Facts about Plateaus
- A plateau is a flat topped highland with steep sides. Since it looks like a table, it is also called a tableland. They are basically areas of high flat land.
- Plateaus are usually surrounded by steep rock faces called cliffs.
- Some plateaus like the Plateau of Tibet lies between mountain ranges.
- Plateaus are usually good for growing certain crops.
- Plateaus are formed when magma pushes up towards the surface of the earth’s crust. This magma does not break through but it raises a portion of the crust up creating a plateau.
- There are certain kinds of plateaus like the butte and the mesa. These are special kinds of plateaus.
Facts about Plains
- Plains as you all are familiar with are areas of flat land.

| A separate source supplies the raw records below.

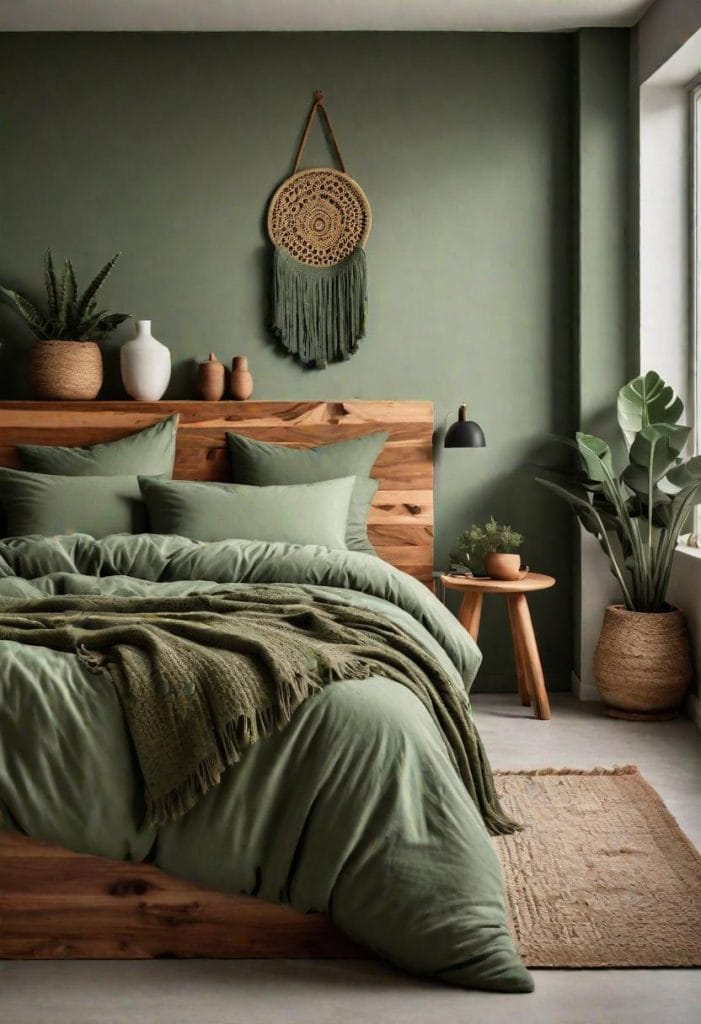 25 Unique Sage Green Boho Bedroom Ideas For 2025 - Lovely Harbor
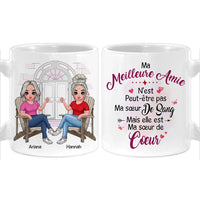 Personalized Friend Gift French Ma Sœur De Cœur Mug 30823 thumb 1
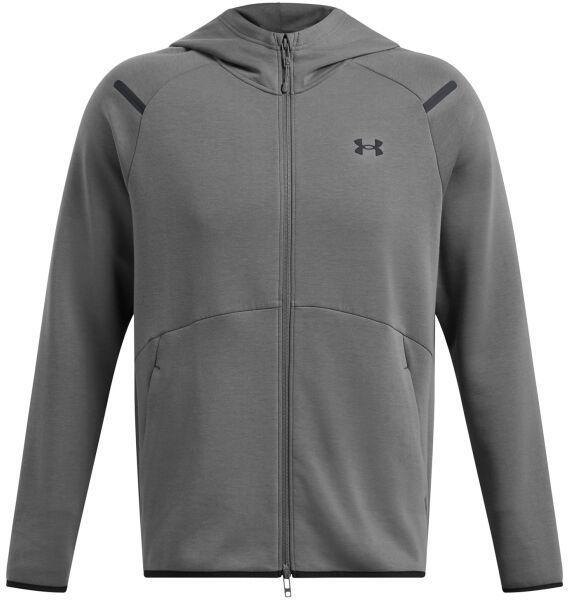 Under Armour UNSTOPPABLE FLEECE Pánska mikina, tmavo sivá, veľkosť S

- The plains usually meet the oceans or seas, these are called coastal plains.
- In India, we have the Eastern Coastal Plains and the Western Coastal Plains.
- Some plains are formed by the action of rivers, these are called river plains.
- In India the Northern Gangetic Plain is a river plain.
- River plains are very fertile and good for growing crops.
- You will find most big cities are located in plains. This is because it is easier to build houses, buildings, roads and other structures in the plains. Hence they are heavily populated.
Facts about Islands
- An island is a piece of land surrounded by water on all sides.
- The continent of Australia is an island.
- Islands are formed due to volcanic activity or due to hot spots in the lithosphere.
- Coral islands are formed when the skeletal material of the corals piles up over a long period of time. These look beautiful.
- A large group of islands close to each other together form an archipelago. The Lakshadweep islands are an example of an archipelago. The largest archipelago in the world is Indonesia.
Deserts : Facts and Types
- Deserts are large, dry and hot areas of land which receive little or no rainfall throughout the year. The vegetation is scanty due to the shortage of water. Deserts are covered with sand.
- Sand dunes are formed in deserts. Sand dunes are huge hills of sand formed by the winds.
- Deserts have extreme weather conditions, days could be very hot and nights very cold. This is because the sand absorbs heat fast during the day and gives off heat quickly at night.
- The main vegetation found in the deserts are the cacti and the baobab trees.
- The baobab tree can store nearly up to 1000 litres of water in its trunk which enables it to survive the harsh conditions.
There are two types of deserts – Hot Deserts and Cold Deserts.
- As the name suggests, hot deserts are vast areas of land that are covered with sand and dust. These areas receive little or no rainfall and are very dry.
- The animals found in the hot deserts are camels, snakes, lizards and rats.
- Thar Desert in India is a hot desert.
- The cold deserts are large areas of land covered with snow. These deserts receive little or no rainfall. They receive snowfall during the winters. Animals such as penguins, whales and fur seals survive in the cold deserts.
- The Antarctica is the world’s biggest cold desert.
- Life in these cold deserts is impossible.
- There are some rocky deserts like the Gobi desert in Asia.
Some other Landforms
- A peninsula is a piece of land that is surrounded by water from three sides. For example the southern part of India is a peninsula as it is surrounded by the Arabian sea, Bay of Bengal and the Indian ocean and is joined to land on the fourth side.
- Another example is the State of Florida.
- A cape is a part of land extending in to a water body
- An isthmus is a narrow stretch of land which joins to large land masses.
- Example the Isthmus of Panama.
5 Interesting Facts
- Camels are called the ship of the desert as they carry people and their loads from one place to another.
- An oasis is a place in the desert where a pool of water is found, surrounded by trees.
- A huge mass of snow that suddenly breaks loose and crashes down a mountain is called an avalanche.
- Mountain animals have sharp hooves that help them climb mountains.
- The Deccan Plateau in India is good for growing cotton because of the black soil present.